The Supreme Court upheld the trial court’s conclusion that even if the allegations of the accused that the prosecutrix is of “immoral character” are taken to be correct, it does not give any right to the accused to rape her. The bench relied on State of Maharashtra and Another v Madhukar Narayan Mardikar (1991), delivered by the Supreme Court earlier, to hold that even a woman of “easy virtue” is entitled to privacy and it is not open to any person to violate her and she is equally entitled to protection of law. Further, the evidence of such a woman cannot be thrown overboard merely because she is a woman of “easy virtue”.
The bench held in paragraph 23: “Even in cases where there is some material to show that the victim was habituated to sexual intercourse, no inference like the victim being a woman of ‘loose moral character’ is permissible to be drawn from that circumstance alone.” A woman of “easy virtue” also could not be raped by a person for that reason, the bench added.

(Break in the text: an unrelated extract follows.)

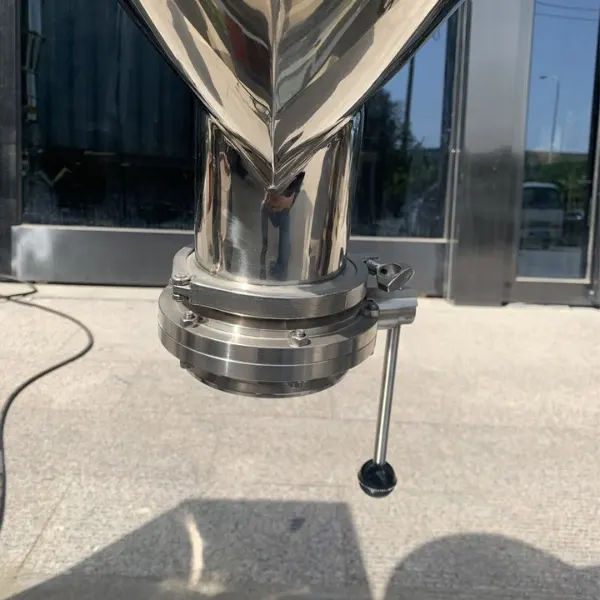 may tron bot chu V 1000 lit 04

The bench held that the high court clearly erred in placing reliance upon the complaints allegedly made against the prosecutrix to doubt her version and to hold that a false case has been foisted against the accused. The bench reiterated the well-settled principle of law that conviction can be sustained on the sole testimony of the prosecutrix if it inspires confidence.
The high court ought not to have heavily interfered with the verdict of conviction based on the alleged time gap in the registration of two FIRs and other discrepancies in investigation, to reverse it, the bench held.
The bench also set aside the disparaging remarks of the high court against the police officials who were involved in the investigation, as they were made without affording an opportunity of hearing to them. The bench also found that the high court’s direction to prosecute the police officials for perjury was erroneous and quashed it.
The high court, the bench found, erred in taking into consideration the materials produced before the appellate court, namely, the alleged complaints against the rape survivor and other women that they were engaged in prostitution. Even assuming that the prosecutrix was of “easy virtue”, she has a right to refuse to submit herself to sexual intercourse to anyone, the bench emphasised and restored the sentence of ten years imposed on the accused by the trial court.
The judgment, authored by Justice Banumathi, aptly ignores the previous judgment, delivered by another bench on October 4, 2016 in Raja & Others v State of Karnataka, considered regressive by most observers. Authored by Justice Amitava Roy, for himself and for his brother Judge, Justice Pinaki Chandra Ghose, this judgment interpreted the same set of facts, noticed in State v Pankaj Chaudhary, differently, influenced by stereotypes. In this case, the trial court acquitted the accused of the charge of gang rape. The Karnataka high court reversed the acquittal, and sentenced the three of the four accused to rigorous imprisonment of ten years. The fourth accused was absconding.
The contrast with an all-male verdict
In Raja v State of Karnataka, the Supreme Court held that the credibility and trustworthiness of the victim’s version is the decisive factor to adjudge the culpability of the appellant-accused. Thus, the bench relied on the inconsistencies in her version of the events to discredit her. “Her conduct during the alleged ordeal is also unlike a victim of forcible rape and betrays somewhat submissive and consensual disposition. From the nature of the exchanges between her and the accused persons as narrated by her, the same are not at all consistent with those of an unwilling, terrified, and anguished victim of forcible intercourse, if judged by the normal human conduct”, the bench held.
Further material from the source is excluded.